Dunque Galileo vuole farsi leggere pure da questi che hanno gli occhi per vedere le opere della natura e l’intelligenza per capire come i filosofi.
Populista e anti élite dunque. L’Italia del Seicento non era unita politicamente, ma lo era culturalmente e spiritualmente: la lingua è il volto più chiaro di un’identità, infatti è stata la nostra letteratura ad adottare il “toscano” di Dante e Petrarca come lingua nazionale, la quale in seguito ha completato l’unificazione politica (sebbene fatta malamente).
Galileo non si limitò a “lanciare” l’italiano come lingua della scienza, ma coltivò ad alti livelli la nostra lingua a la nostra letteratura.

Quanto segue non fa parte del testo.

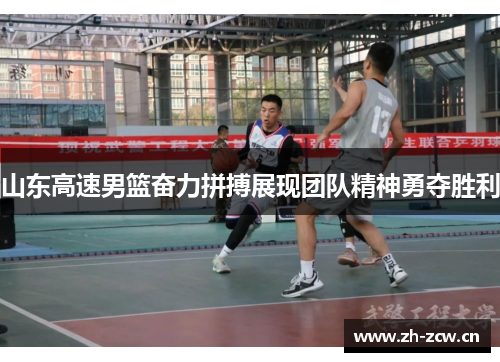 山东高速男篮奋力拼搏展现团队精神勇夺胜利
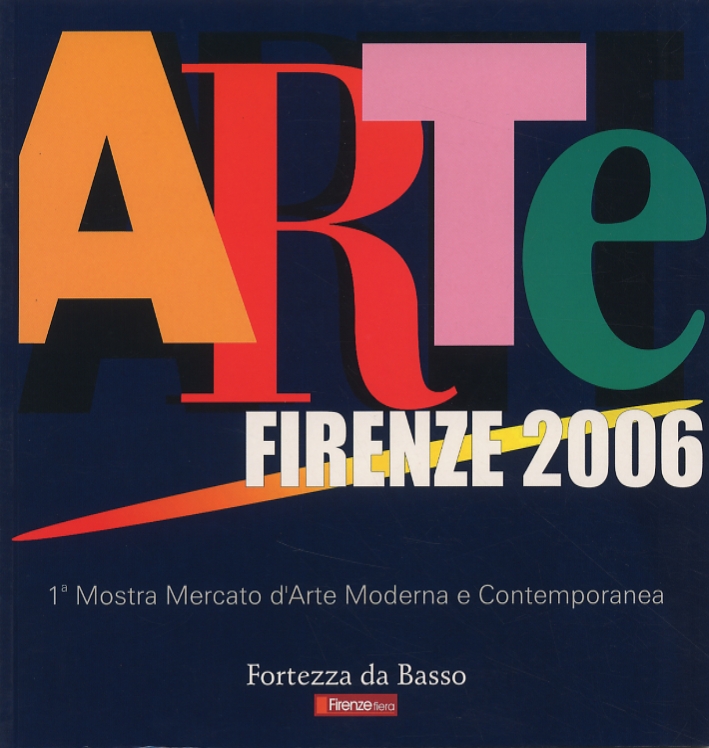 Arte Firenze 2006. 1ª Mostra mercato d'arte moderna e contemporanea Arte Firenze 2006. 1ª Mostra mercato d'arte moderna e contemporanea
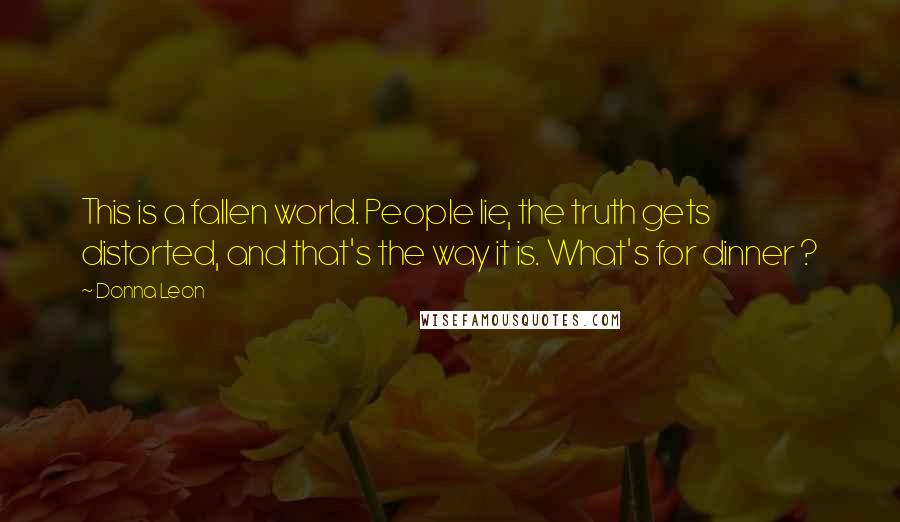 Donna Leon Quotes: This is a fallen world. People lie, the truth gets distorted, and that's the way it is. What's for dinner ?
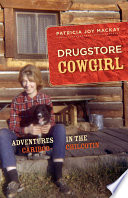 Drugstore cowgirl : adventures in the Cariboo-Chilcotin /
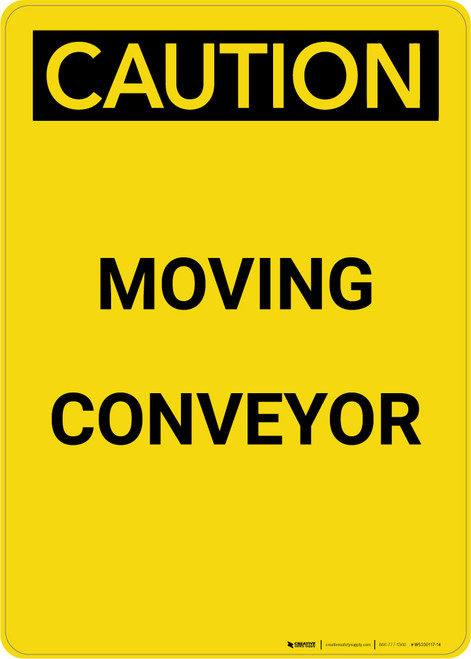 Caution: Moving Conveyor - Portrait Wall Sign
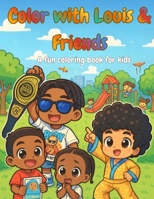Color with Louis and Friends B0G87LMWZ1 Book Cover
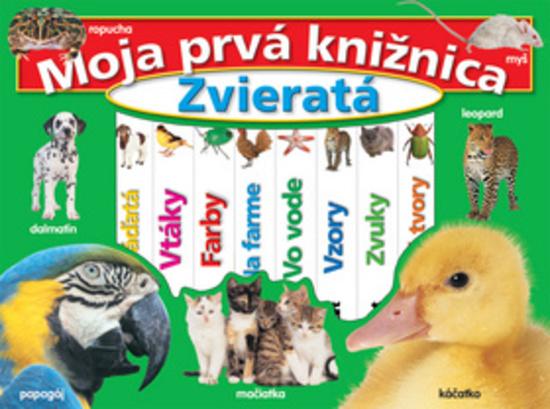 Moja prvá knižnica Zvieratá - 978-80-556-0230-1
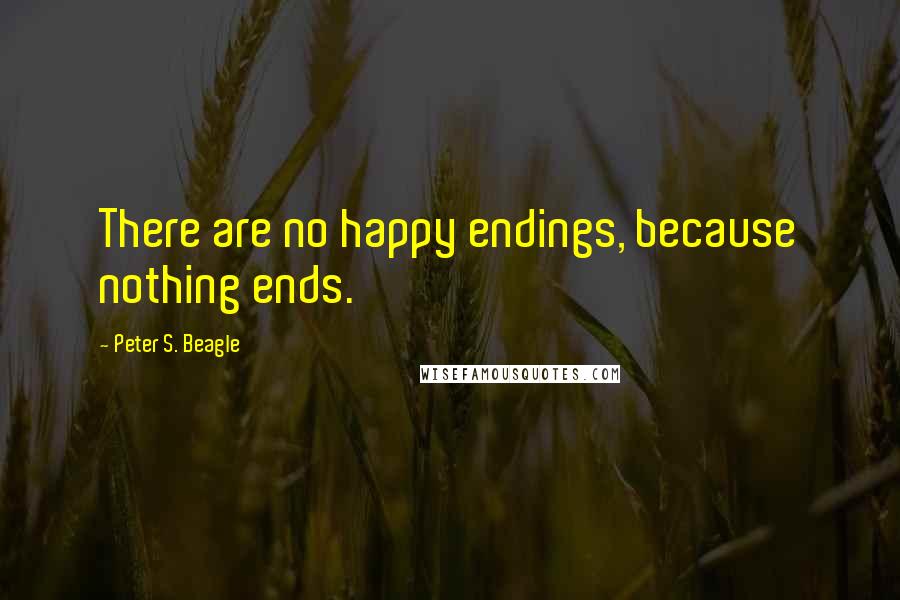 Peter S. Beagle Quotes: There are no happy endings, because nothing ends.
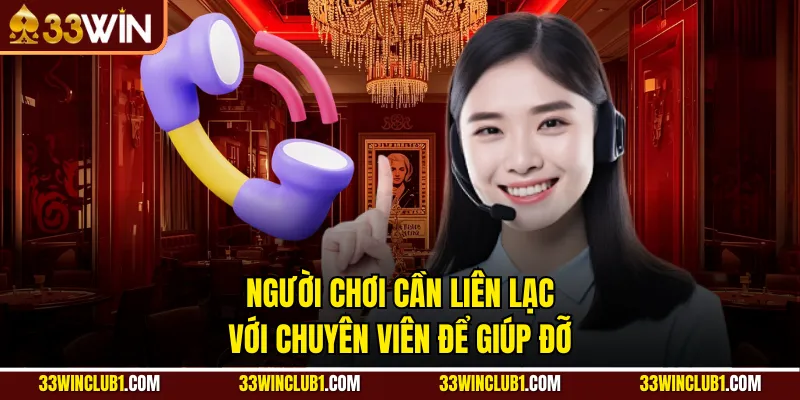 Người chơi cần liên lạc với chuyên viên để giúp đỡ
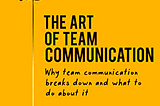 The Art of Team Communication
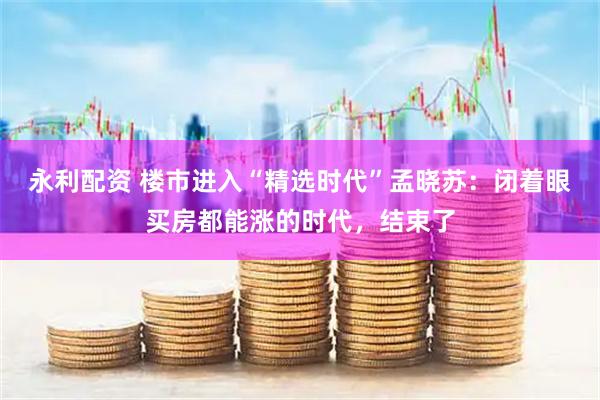 永利配资 楼市进入“精选时代”孟晓苏：闭着眼买房都能涨的时代，结束了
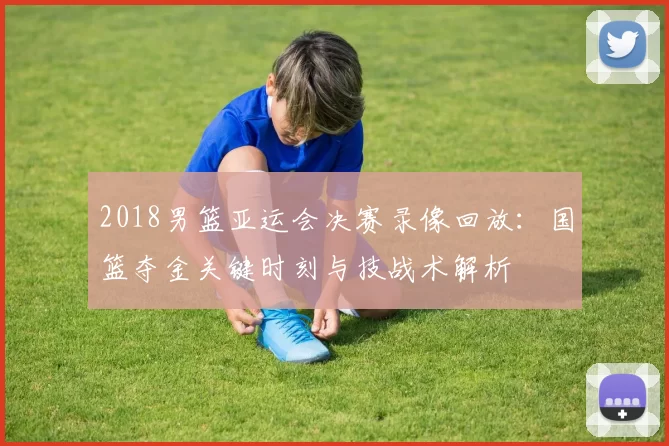 2018男篮亚运会决赛录像回放：国篮夺金关键时刻与技战术解析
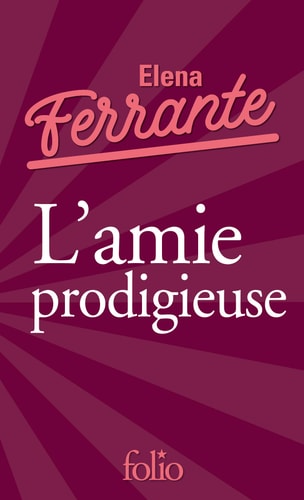 L'AMIE PRODIGIEUSE EDITION SPECIALE, de Elena Ferrante | portada del libro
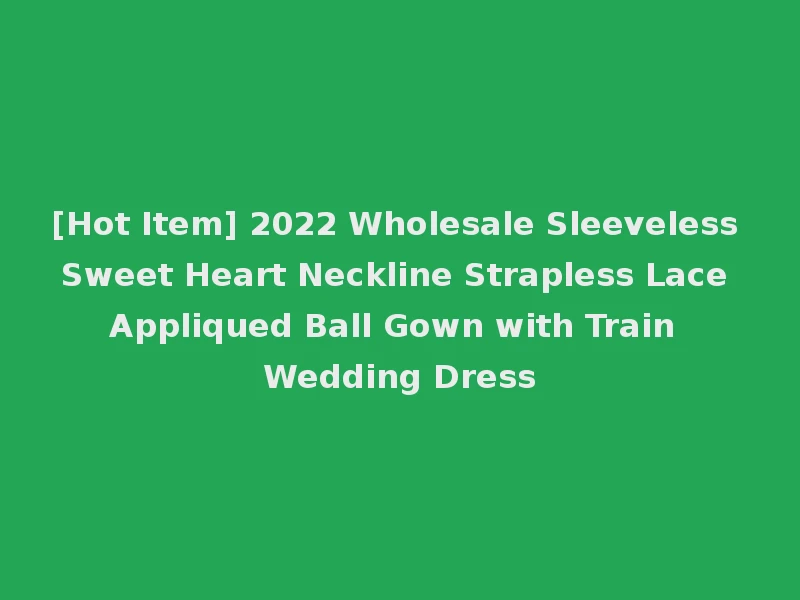 [Hot Item] 2022 Wholesale Sleeveless Sweet Heart Neckline Strapless Lace Appliqued Ball Gown with Train Wedding Dress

L’Andreoni ricorda che egli “tenne due lezioni all’Accademia Fiorentina sull’architettura dell’Inferno di Dante, postillò l’Orlando furioso… Divenne inoltre accademico della Crusca e collaborò alla stesura di alcune voci del Vocabolario, sia per la prima edizione del 1612 sia per la seconda del 1623”.
La stessa qualità del suo “italiano scientifico” gli guadagnerà, duecento anni dopo, l’ammirazione di un Giacomo Leopardi. Ritrovare la nostra identità significa anche riscoprire questi ingegni che tutto il mondo ci invidia.